■ **TASK TO COMPLETE**:
Lines from the one containing "Phát hiện sớm" to the end of the data below are to be restated exactly, with both ends included and nothing else.

■ **DATA EXTRACT**:

Segment Open

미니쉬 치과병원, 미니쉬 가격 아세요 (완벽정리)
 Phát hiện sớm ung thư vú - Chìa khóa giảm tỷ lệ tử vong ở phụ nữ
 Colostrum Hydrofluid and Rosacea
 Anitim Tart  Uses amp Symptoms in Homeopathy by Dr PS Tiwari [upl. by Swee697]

Segment Closed

■ **TASK RESPONSE**:
 Phát hiện sớm ung thư vú - Chìa khóa giảm tỷ lệ tử vong ở phụ nữ
 Colostrum Hydrofluid and Rosacea
 Anitim Tart  Uses amp Symptoms in Homeopathy by Dr PS Tiwari [upl. by Swee697]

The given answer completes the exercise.